Warming up
Task I. Consider the following problem and give your opinion of it.
The issue of punishment is the focus of great debate. The debate involves the question: “What is punishment for?” There are four possible answers to the question: Which of them would you agree to?
1. The main aim of punishment is to deter. 2. The main aim of punishment is to take revenge 3. The main aim of punishment is to keep criminals out of society. 4. The main aim of punishment is to reform and rehabilitate criminals.
Vocabulary notes
Reading Task I. Read and translate the following text. Write out the types of punishment currently used. Civil and Criminal Penalties There are several kinds of punishment available to the courts. In civil cases, the most common punishment is a fine. For criminal offenses fines are also often used when the offense is not a very serious one and when the offender has not been in trouble before. Another kind of punishment available in some countries is community service. This requires the offender to do a certain amount of unpaid work, usually for a social institution such as a hospital. For more serious crimes the usual punishment is imprisonment.

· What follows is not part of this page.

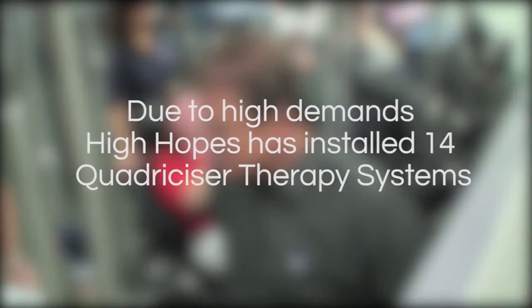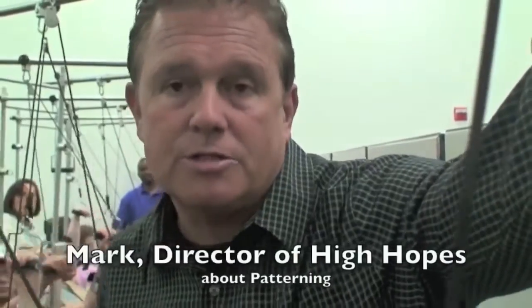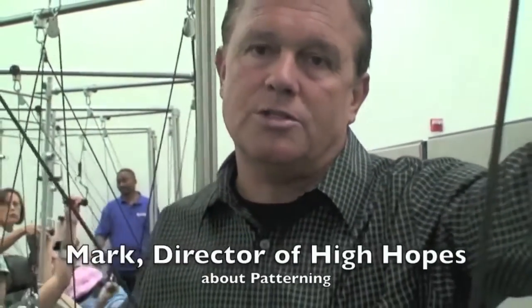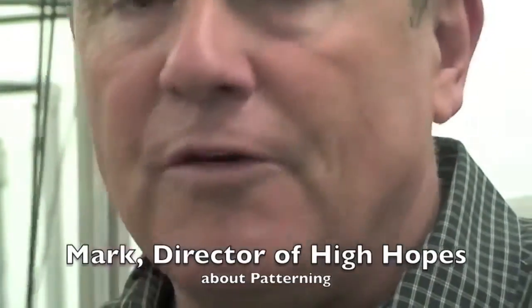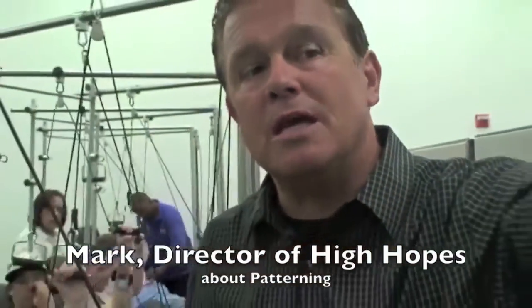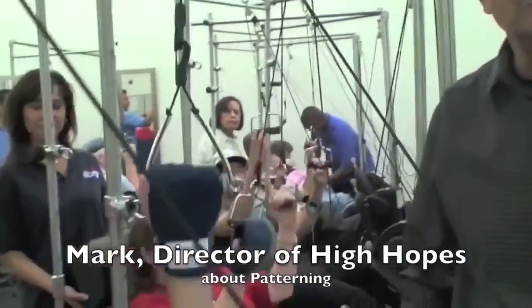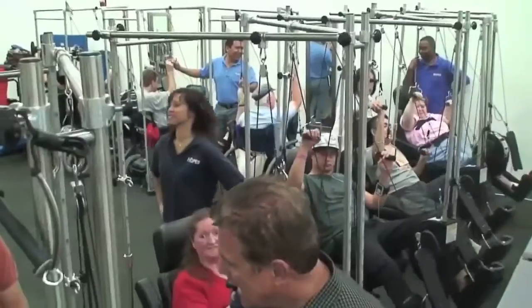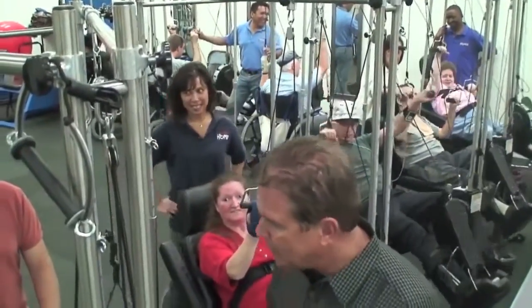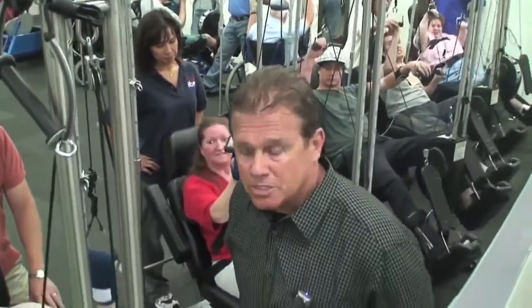My name is Mark Desmond. I'm director here at High Hopes — we're the first brain injury program in the United States, and we love these quadricizer machines. Patterning itself was invented in the 1950s and originally took five people to perform. This machine is able to do it on its own, so anywhere we can help more than one person at a time is phenomenal.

Some prison sentences are suspended: the offender is not sent to prison if he keeps out of trouble for a fixed period of time, but if he does offend again both the suspended sentence and any new one will be imposed. The length of sentences varies from a few days to a lifetime. However, a life sentence may allow the prisoner to be released after a suitably long period if a review (parole) board agrees his detention no longer serves a purpose. In some countries there is also corporal punishment (physical). In Malaysia, Singapore, Pakistan, Zambia, Zimbabwe, among others, courts may sentence offenders to be caned or whipped. In Saudi Arabia theft and possession of alcohol may be punished by cutting off the offender's hand or foot. The ultimate penalty is death (capital punishment). It is carried out by hanging (Kenya, for example); electrocution, gassing or lethal injection (U.S.); beheading or stoning (Saudi Arabia); or shooting (China). Although most countries still have a death penalty, 35 (including almost every European nation) have abolished it; 18 retain it only for exceptional crimes such as wartime offences; and 27 no longer carry out executions even when a death sentence has been passed. In other words, almost half the countries of the world have ceased to use the death penalty [2].